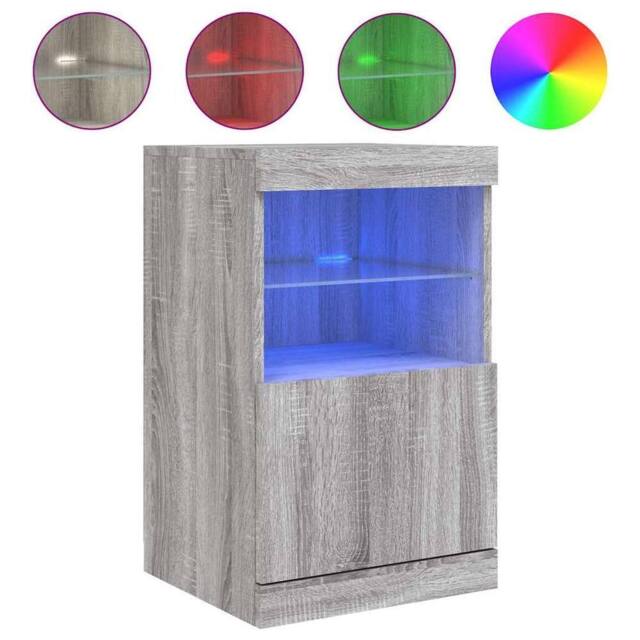 Berkfield Home Sideboard with LED Lights Grey Sonoma 41x37x67 cm - Size: 41 x 37 x 67 cm - image 1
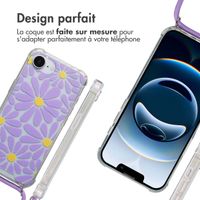 imoshion Coque Design avec cordon Apple iPhone 17e / 16e - Tropical Violet Flowers Connect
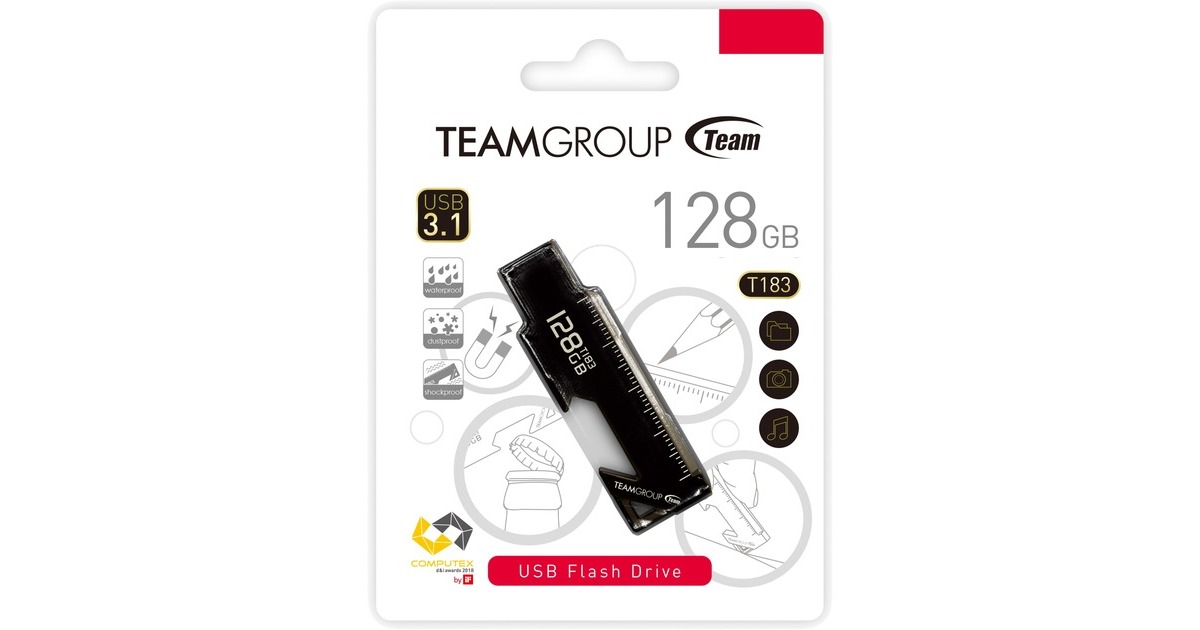 Team Group T183 128 GB, USB-Stick(schwarz, USB-A 3.2 Gen 1)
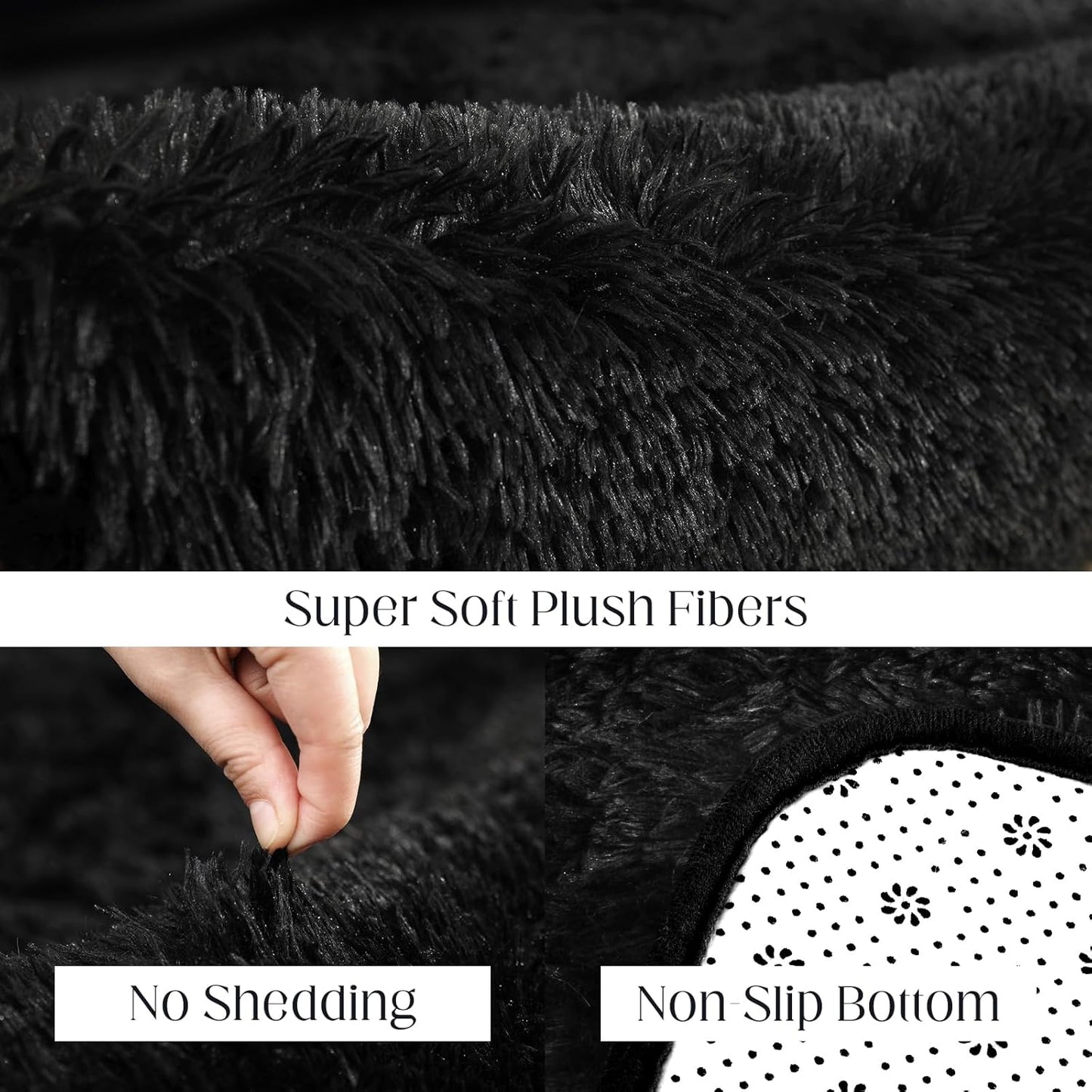 Black Area Rug - 9x12, Soft Plush for Living Room, Bedroom & Nursery, Non-Slip Indoor Carpet for Study, Kids Room Decor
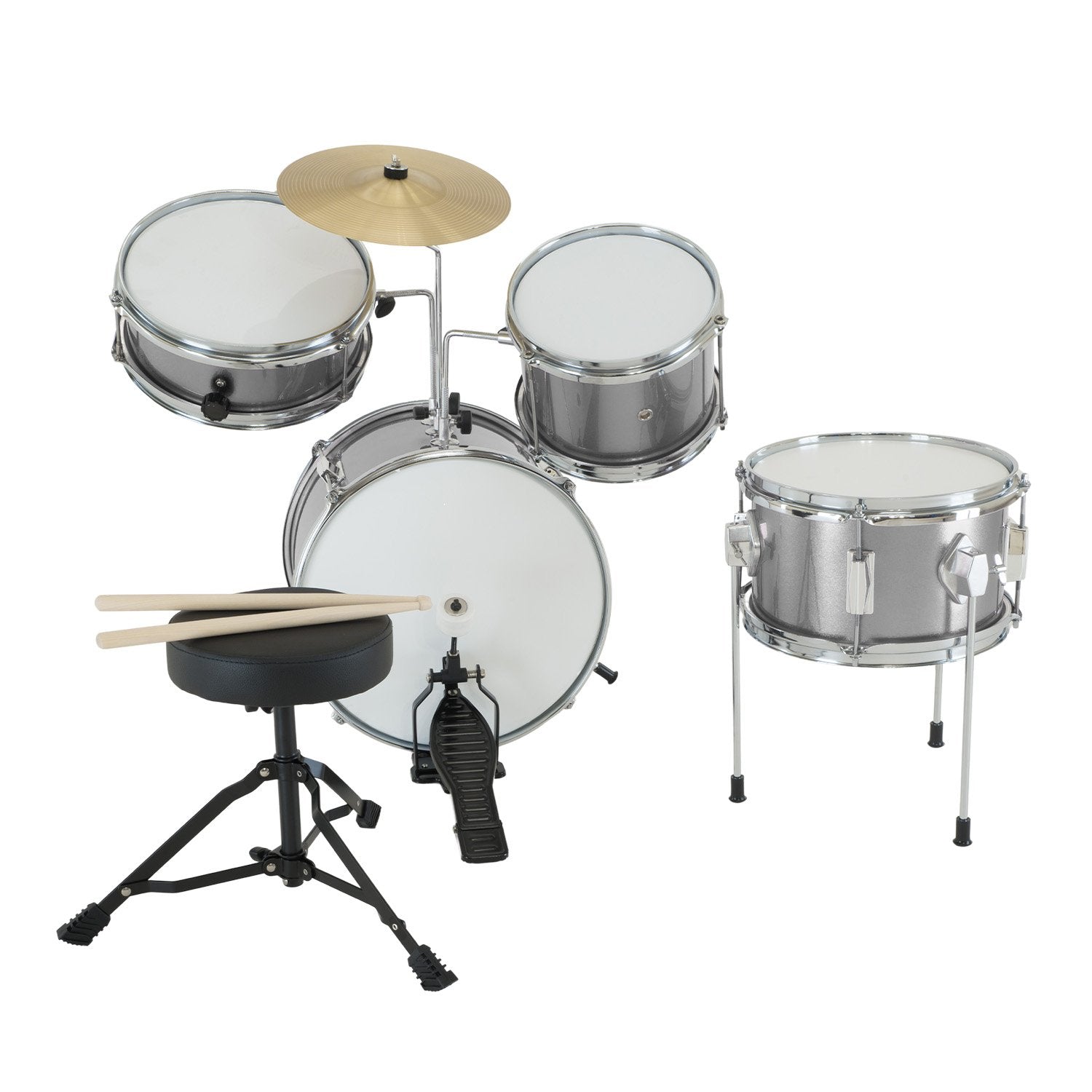 Karrera Childrens 4pc Drum Kit - Silver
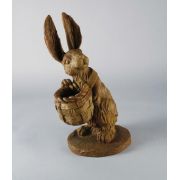 Sam Rabbit w/Basket - Fiber Stone Resin - Indoor/Outdoor Garden Statue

* [WHAT YOU WILL DO]
Copy the final stretch of the entries exactly: the line containing "imoshion Coque Design" and every line after it through the last. Include no pictures and nothing more.

* [THE ANSWER]
 imoshion Coque Design avec cordon Apple iPhone 17e / 16e - Tropical Violet Flowers Connect
 Team Group T183 128 GB, USB-Stick(schwarz, USB-A 3.2 Gen 1)
 Black Area Rug - 9x12, Soft Plush for Living Room, Bedroom & Nursery, Non-Slip Indoor Carpet for Study, Kids Room Decor
 Karrera Childrens 4pc Drum Kit - Silver
 Sam Rabbit w/Basket - Fiber Stone Resin - Indoor/Outdoor Garden Statue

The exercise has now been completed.